Kyphoplasty denied as non-formulary by Medicare?
Non-formulary doesn't mean uncoverable. Most plans have a formulary-exception process: the appeal needs to show the formulary alternatives are inappropriate for your specific clinical situation.
Medicare Advantage appeal
Cite: 42 CFR 422 Subpart M
Medicare Advantage denials follow a tightly regulated five-level appeal sequence. The first level is a redetermination by the plan itself (you have 60 days from the denial to request it). If the plan upholds the denial, your case is automatically forwarded to an Independent Review Entity (the IRE) — that's the strongest leverage point. If the IRE upholds, you can escalate to an Administrative Law Judge, then the Medicare Appeals Council, then federal court.
What Medicare typically requires
Medicare's specific coverage criteria for kyphoplasty are defined in its own published medical/coverage policy and the FDA-approved prescribing label. A successful appeal documents that your medical records satisfy each criterion those sources list — confirmed diagnosis, any required prior treatments (with dates and outcomes), and clinical severity. If the exact criteria weren't included with your denial, request them in writing; your appeal then maps each requirement to the matching fact in your chart.
The Medicare angle on Kyphoplasty
## Why Medicare Issues a Non-Formulary Denial for Kyphoplasty — and What It Actually Means
Kyphoplasty is a surgical procedure, not a drug, so a "non-formulary" denial in this context almost certainly reflects one of the following: (1) the denial is being processed through a Medicare Advantage (Part C) plan that applies its own formulary or network rules differently from traditional Medicare; (2) the denial is a miscoded adverse determination where "non-formulary" is used as a shorthand for a coverage-criteria failure; or (3) the procedure was performed outside a contracted facility or provider network under a Medicare Advantage plan. Understanding which scenario applies is the first step in appealing.
## Why This Denial Happens
Under traditional Medicare (Parts A and B), kyphoplasty is a covered procedure with defined coverage criteria — there is no formulary in the drug sense. Under Medicare Advantage, plans have more flexibility in how they structure benefits and networks, and a "non-formulary" or "not covered" determination may mean the specific facility or provider type is not in the plan's network, or that the plan applies additional coverage criteria beyond the original Medicare LCD. Clarifying which rule applies is essential.
## Your Appeal Rights
For Medicare Advantage plans, appeal rights mirror the five-level Medicare process:
1. Plan-Level Appeal (Redetermination): file within 60 days of the adverse coverage determination (Medicare Advantage timelines are shorter than traditional Medicare — verify on your denial notice). 2. Independent Review Entity (IRE) Reconsideration: if the plan upholds the denial. 3. ALJ Hearing: when the amount in controversy meets the threshold. 4. Medicare Appeals Council (DAB). 5. Federal District Court.

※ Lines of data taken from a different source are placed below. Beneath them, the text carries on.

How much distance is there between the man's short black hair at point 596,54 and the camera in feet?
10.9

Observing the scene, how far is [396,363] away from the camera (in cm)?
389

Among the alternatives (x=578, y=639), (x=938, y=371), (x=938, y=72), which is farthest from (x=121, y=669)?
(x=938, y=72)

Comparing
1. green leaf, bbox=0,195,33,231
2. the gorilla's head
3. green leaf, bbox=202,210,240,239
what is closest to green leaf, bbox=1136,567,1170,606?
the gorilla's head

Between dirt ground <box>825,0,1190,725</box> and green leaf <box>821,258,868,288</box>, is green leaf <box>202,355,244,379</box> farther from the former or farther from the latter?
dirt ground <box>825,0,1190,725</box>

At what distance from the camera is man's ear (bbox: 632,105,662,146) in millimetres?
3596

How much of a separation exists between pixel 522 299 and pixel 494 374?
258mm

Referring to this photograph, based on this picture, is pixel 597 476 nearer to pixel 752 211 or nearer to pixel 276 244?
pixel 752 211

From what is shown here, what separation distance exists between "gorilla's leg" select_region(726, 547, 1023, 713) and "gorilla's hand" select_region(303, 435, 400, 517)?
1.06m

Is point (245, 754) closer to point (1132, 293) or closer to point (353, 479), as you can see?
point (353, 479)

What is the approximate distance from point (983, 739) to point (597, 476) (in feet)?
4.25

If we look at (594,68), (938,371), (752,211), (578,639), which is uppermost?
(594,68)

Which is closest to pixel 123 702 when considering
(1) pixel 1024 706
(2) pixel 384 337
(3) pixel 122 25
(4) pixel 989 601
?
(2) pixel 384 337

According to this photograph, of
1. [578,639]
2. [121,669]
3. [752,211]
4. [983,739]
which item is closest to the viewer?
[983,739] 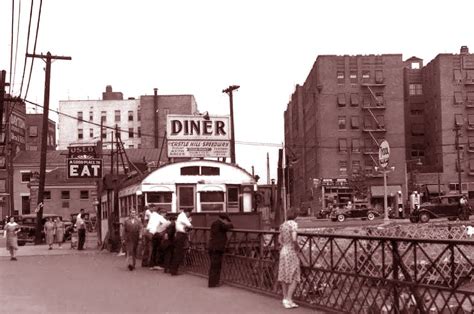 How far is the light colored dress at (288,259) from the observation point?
11992 millimetres

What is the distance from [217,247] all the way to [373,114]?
70.2m

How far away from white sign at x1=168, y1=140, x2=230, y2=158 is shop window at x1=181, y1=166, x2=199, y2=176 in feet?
13.1

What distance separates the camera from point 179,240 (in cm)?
1833

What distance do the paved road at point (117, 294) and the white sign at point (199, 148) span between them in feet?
29.8

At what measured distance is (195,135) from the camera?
30172 mm

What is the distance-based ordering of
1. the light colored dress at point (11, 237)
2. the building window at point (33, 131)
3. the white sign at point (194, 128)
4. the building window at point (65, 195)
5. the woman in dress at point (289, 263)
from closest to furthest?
the woman in dress at point (289, 263) < the light colored dress at point (11, 237) < the white sign at point (194, 128) < the building window at point (65, 195) < the building window at point (33, 131)

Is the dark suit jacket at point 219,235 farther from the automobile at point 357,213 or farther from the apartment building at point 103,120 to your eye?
the apartment building at point 103,120

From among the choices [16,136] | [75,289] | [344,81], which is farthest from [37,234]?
[344,81]

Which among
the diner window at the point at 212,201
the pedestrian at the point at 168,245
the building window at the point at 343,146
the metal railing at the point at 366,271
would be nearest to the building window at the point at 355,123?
the building window at the point at 343,146

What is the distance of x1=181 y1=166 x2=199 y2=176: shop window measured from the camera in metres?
25.5

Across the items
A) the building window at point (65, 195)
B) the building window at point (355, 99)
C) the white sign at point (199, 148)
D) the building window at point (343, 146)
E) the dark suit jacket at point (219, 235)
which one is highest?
the building window at point (355, 99)

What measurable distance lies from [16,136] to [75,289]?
1779 cm

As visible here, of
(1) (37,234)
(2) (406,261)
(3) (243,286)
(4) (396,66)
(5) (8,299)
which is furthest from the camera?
(4) (396,66)

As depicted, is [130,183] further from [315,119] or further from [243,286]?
[315,119] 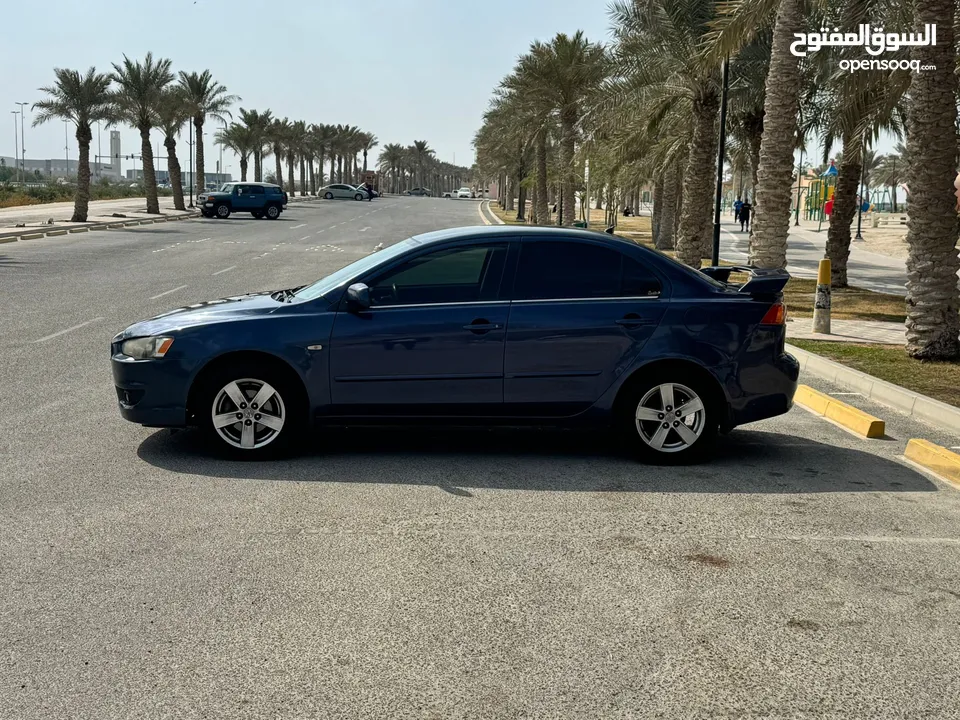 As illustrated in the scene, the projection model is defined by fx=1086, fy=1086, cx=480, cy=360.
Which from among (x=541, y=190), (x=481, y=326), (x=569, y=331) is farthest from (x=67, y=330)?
(x=541, y=190)

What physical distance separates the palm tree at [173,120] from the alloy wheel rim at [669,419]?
168 ft

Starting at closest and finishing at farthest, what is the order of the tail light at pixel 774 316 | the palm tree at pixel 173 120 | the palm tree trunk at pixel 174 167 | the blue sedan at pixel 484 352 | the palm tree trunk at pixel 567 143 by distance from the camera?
the blue sedan at pixel 484 352, the tail light at pixel 774 316, the palm tree trunk at pixel 567 143, the palm tree at pixel 173 120, the palm tree trunk at pixel 174 167

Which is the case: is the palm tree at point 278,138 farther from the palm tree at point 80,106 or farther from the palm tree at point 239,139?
the palm tree at point 80,106

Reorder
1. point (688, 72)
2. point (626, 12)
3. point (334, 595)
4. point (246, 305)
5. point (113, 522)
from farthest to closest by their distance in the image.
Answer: point (626, 12), point (688, 72), point (246, 305), point (113, 522), point (334, 595)

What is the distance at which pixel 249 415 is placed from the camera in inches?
292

Expedited review (72-hour) is available when standard timing would seriously jeopardize health.
## Concrete Appeal Process
1. Confirm whether you are in traditional Medicare or a Medicare Advantage plan — the plan name and member ID card will clarify this. 2. Request the plan's coverage determination or LCD in writing. 3. If the denial is network-related, determine whether an out-of-network exception or continuity-of-care provision applies. 4. File the plan-level appeal within the deadline stated on the denial notice.

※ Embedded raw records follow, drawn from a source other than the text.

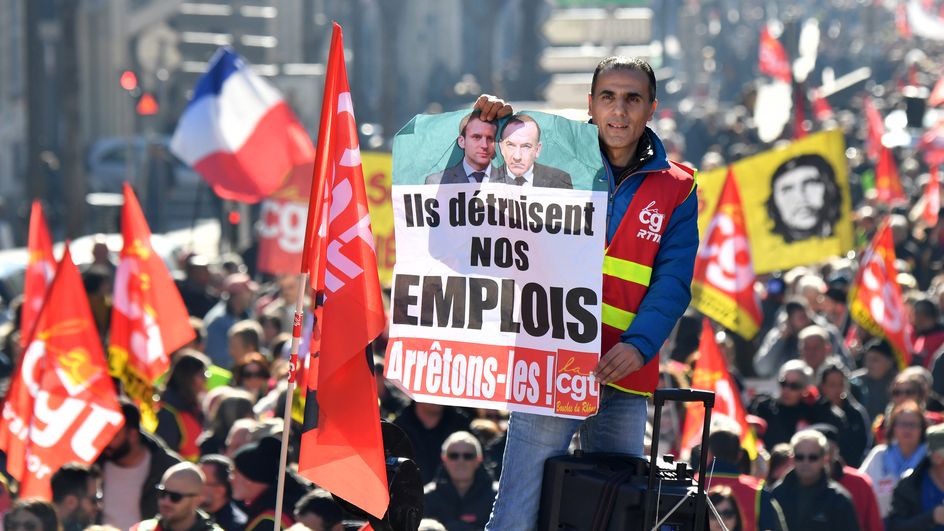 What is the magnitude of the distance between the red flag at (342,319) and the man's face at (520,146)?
0.50 m

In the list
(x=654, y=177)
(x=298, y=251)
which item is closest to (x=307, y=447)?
(x=654, y=177)

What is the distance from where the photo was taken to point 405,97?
55.6m

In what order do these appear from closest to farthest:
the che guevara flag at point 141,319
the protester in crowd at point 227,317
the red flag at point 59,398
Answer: the red flag at point 59,398 < the che guevara flag at point 141,319 < the protester in crowd at point 227,317

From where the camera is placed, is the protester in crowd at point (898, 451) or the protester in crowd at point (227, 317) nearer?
the protester in crowd at point (898, 451)

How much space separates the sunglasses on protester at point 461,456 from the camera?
29.5 feet

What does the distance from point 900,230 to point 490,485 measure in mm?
9323

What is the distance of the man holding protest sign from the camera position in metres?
5.37

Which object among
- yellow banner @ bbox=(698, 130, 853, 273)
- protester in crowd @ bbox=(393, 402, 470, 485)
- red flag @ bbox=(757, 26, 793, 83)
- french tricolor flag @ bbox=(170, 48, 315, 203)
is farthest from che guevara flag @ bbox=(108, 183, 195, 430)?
red flag @ bbox=(757, 26, 793, 83)

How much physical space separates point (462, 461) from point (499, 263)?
365 centimetres

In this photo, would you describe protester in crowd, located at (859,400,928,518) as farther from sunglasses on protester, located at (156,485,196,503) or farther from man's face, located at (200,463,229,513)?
sunglasses on protester, located at (156,485,196,503)

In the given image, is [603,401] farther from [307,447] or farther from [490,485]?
Result: [490,485]

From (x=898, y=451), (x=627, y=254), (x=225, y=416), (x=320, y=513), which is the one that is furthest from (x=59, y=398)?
(x=627, y=254)

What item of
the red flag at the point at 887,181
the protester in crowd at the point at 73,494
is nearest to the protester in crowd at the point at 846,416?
the protester in crowd at the point at 73,494

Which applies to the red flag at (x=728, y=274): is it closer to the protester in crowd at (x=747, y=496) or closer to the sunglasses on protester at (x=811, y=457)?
the protester in crowd at (x=747, y=496)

## Documentation to Gather
- Denial letter and reason code: essential for identifying the specific basis for the non-formulary/non-covered determination.
- Plan Evidence of Coverage (EOC): the full plan document describing covered benefits and any applicable restrictions.
- Operative and procedure records: confirming what was performed, where, and by whom.
- Clinical necessity documentation: imaging, diagnosis notes, and physician medical-necessity letter as described under the medical-necessity guidance above — because even a procedural coverage challenge benefits from a strong clinical record.
- Network documentation: if the denial is network-based, documentation that the provider or facility is appropriately credentialed and, where applicable, that no in-network alternative was available or appropriate.
## Criteria-Mapping Structure
Obtain the plan's coverage criteria document (for Medicare Advantage, this may be the plan's own policy based on the original Medicare LCD). Map each criterion to the chart documentation. If the denial is truly a network issue rather than a clinical one, address the network question separately with a factual statement about provider status and any applicable out-of-network exception rules.
Next steps
- File the redetermination within 60 days using the plan's Coverage Determination form.
- Include a physician's letter of medical necessity citing the specific Medicare coverage rule.
- If denied, the case auto-forwards to the IRE — no extra paperwork required from you.
- For urgent cases, request an expedited review (72-hour turnaround vs 30 days).